This is certainly also the case with Oedipus in Oedipus the King. How much do we really know about ourselves?
Haleema Khalid Oedipus The King by Sophocles Theme of Blindness Sophocles was a prolific writer and his long life enabled him to have a prodigious literary output. Men suffer in the tragedies of Sophocles, characterisation always charged with emotion and poetry guesstimates the growth and development of his dramatic genius.
One of the main underlying themes in Oedipus Rex is blindness. Not just physical blindness, but intellectual blindness as well. The blindness issue is an effective contrasting method for Oedipus at different points in the play. Simply saying "blindness", however, is a little ambiguous.

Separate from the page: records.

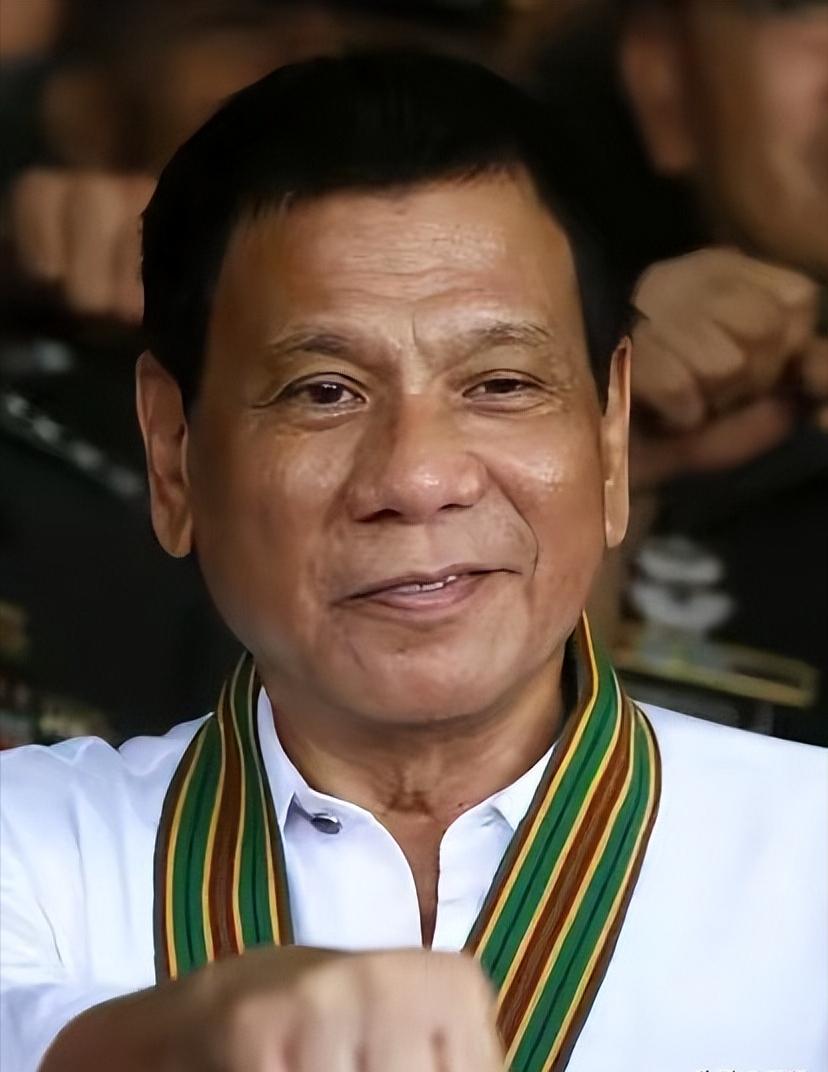 果不其然。菲律宾方面宣布了，将与美国、澳大利亚、新西兰在黄岩岛以东海域进行一次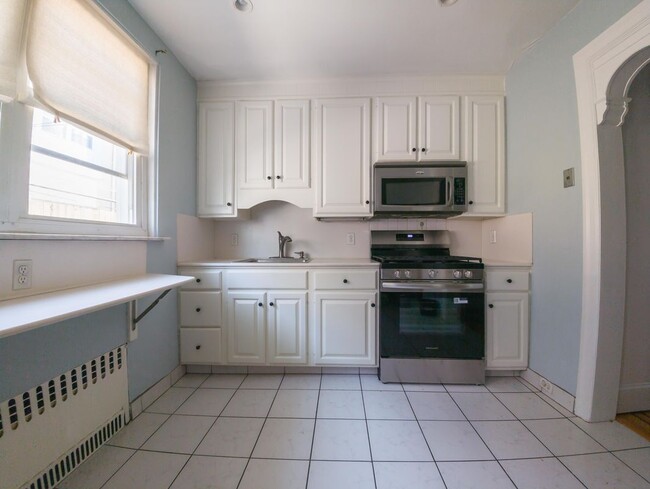 Building Photo - 1029 Fernon St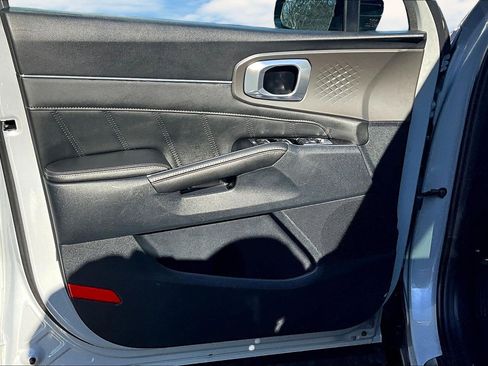 Used 2023 Kia Sorento SX image 12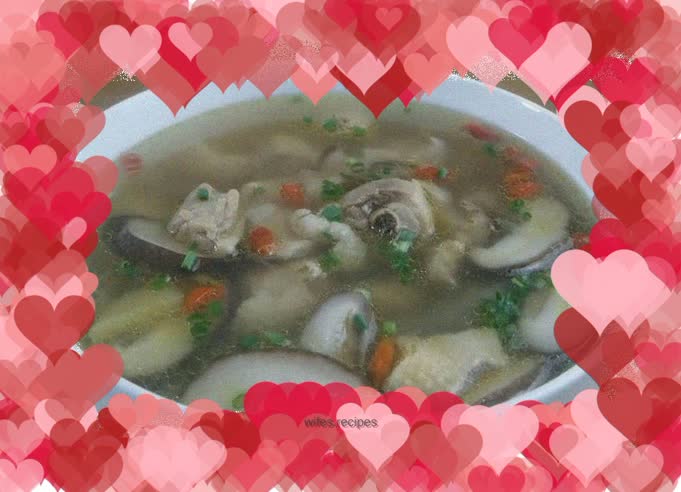 Mushroom and chicken soup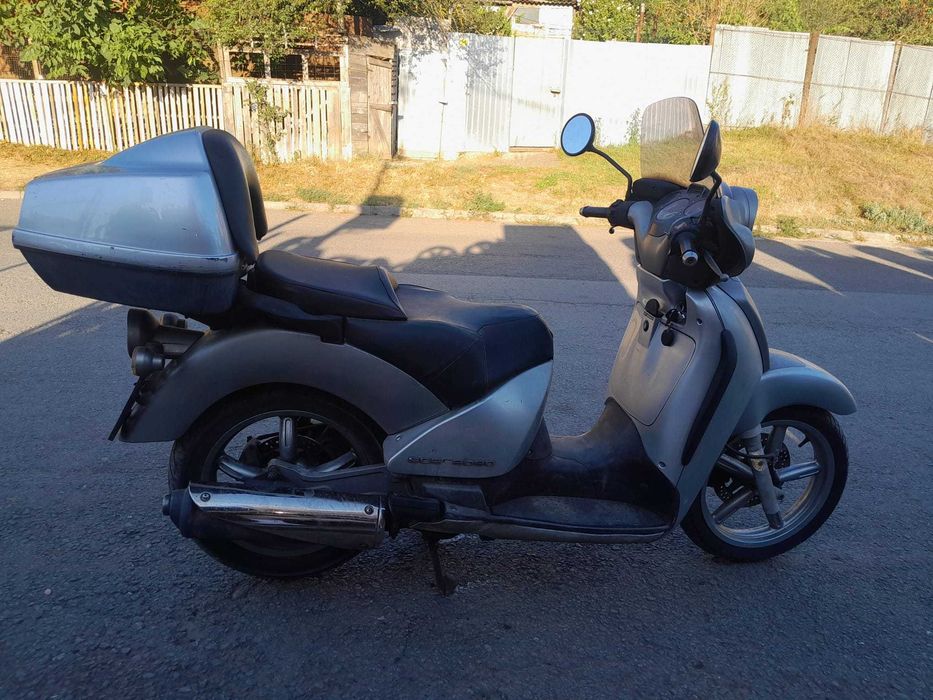 Aprilia Scarbeo an 2003 SE VINDE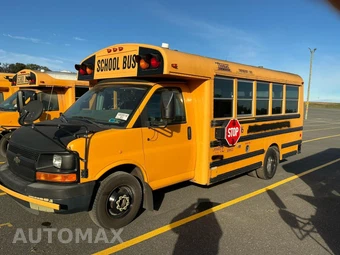 2010 Chevrolet Express 3500 Cutaway 1WT DRW – miniatura 17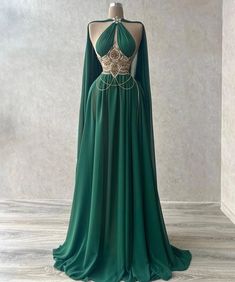 Varboo_Elsa Emerd Green Chiffon Dubai Evening Dress with Cape Sleeves Crystal Beaded Lilac Arabic Purple Quince, Dresses Quince, Dresses Purple, Royal Dresses, Gowns Prom, Prom Dress Inspiration, Fantasy Gowns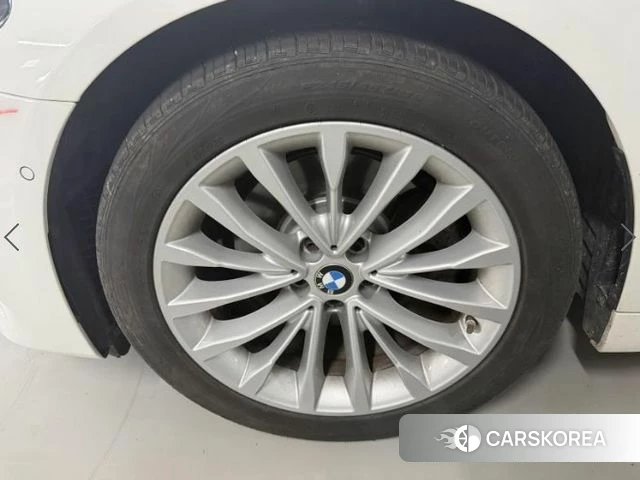 BMW 5 Series (G30) 2018 Белый из Кореи, фото 6
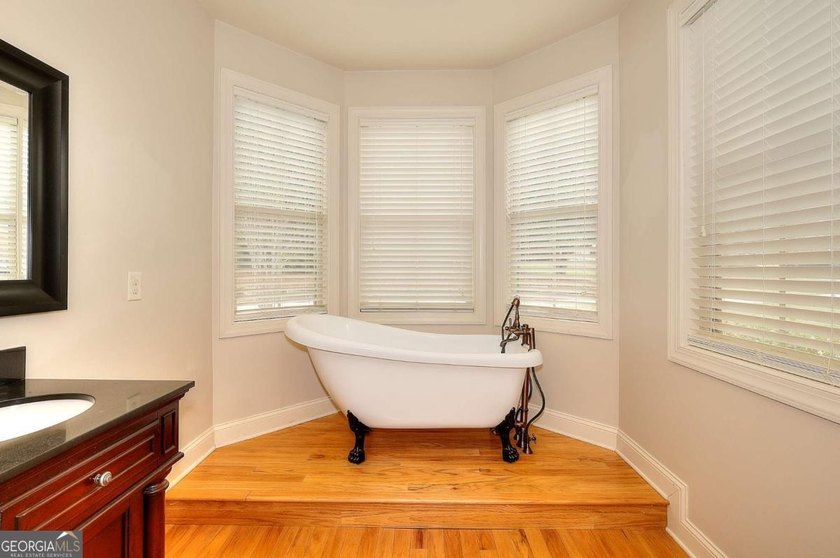 BACK ON THE MARKET AT NO FAULT TO SELLER! Welcome to this - photo 24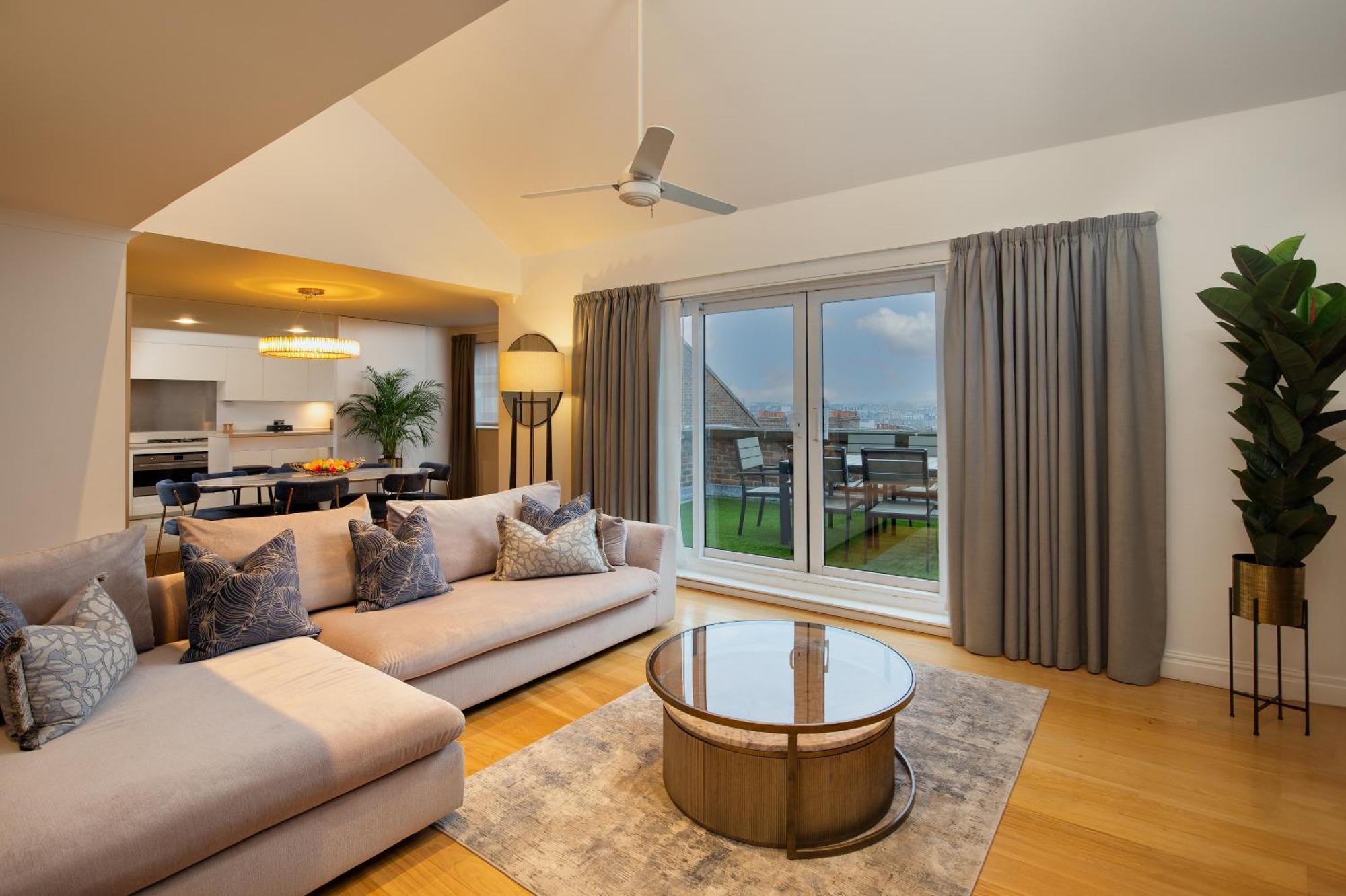 Monarch House - Serviced Apartments - Kensington London Ngoại thất bức ảnh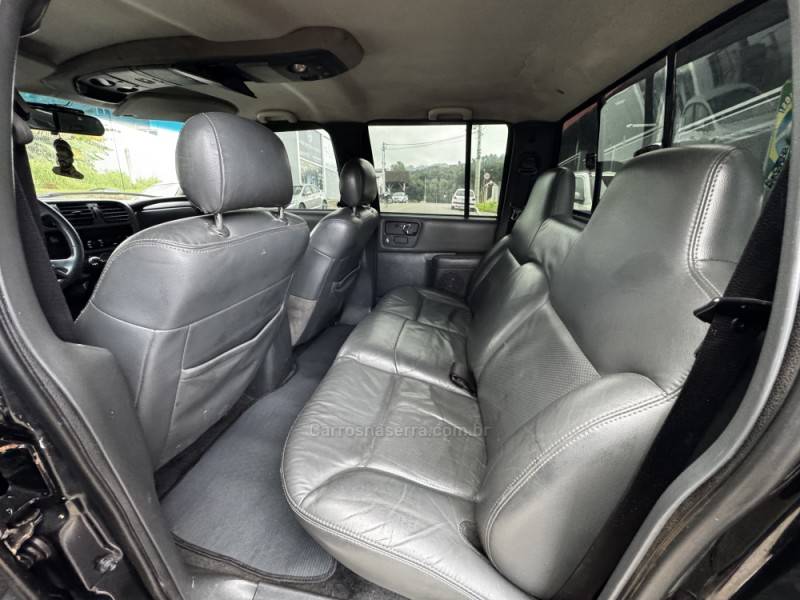 CHEVROLET - S10 - 2009/2010 - Preta - R$ 77.990,00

It can be broken down into two components: Oedipus's ability to "see" ignorance or lack thereofand his willingness to "see". The word "see" can be used in both contexts here. Throughout the play, these two components are always at the center of the action.
Author Samuel Butler once wrote, "A blind man knows he cannot see, and is glad to be led, though it be by a dog; but he that is blind in his understanding, which is the worst blindness of all, believes he sees as the best, and scorns a guide.
Throughout the tragedy Oedipus the King, Sophocles' repeatedly bring up the idea of sight and uses it as a metaphor for insight and knowledge. The protagonist of the play, Oedipus, is "blind" to the fact that the fate that he had tried so hard to avoid, had come true without him knowing of it, while the physically blind prophet Tiresias was the one who can actually "see" and understand the truth and the actions that had already occurred.
When Oedipus was just a baby he was taken away from Thebes to be left on a barren mountain to die after an oracle had told his father Laius, "that doom would strike him down at the hands of a son" The shepherd who was instructed to kill baby Oedipus, felt sorry for the new-born and figured that it would be just as effective to let the baby grow up in a faraway city, so that he would never know or meet his biological parents.
The shepherd took him to the city of Corinth where he was raised by Polybus and Merope, members of the royal family.
Laius and Jocasta assumed that there baby was killed but never went and sought for proof. This reluctance to think that someone might have pity on a baby that is only days old contributed to the inability to know the truth. Oedipus grew up believing that the royal family of Corinth was his biological family and was never told that he was adopted.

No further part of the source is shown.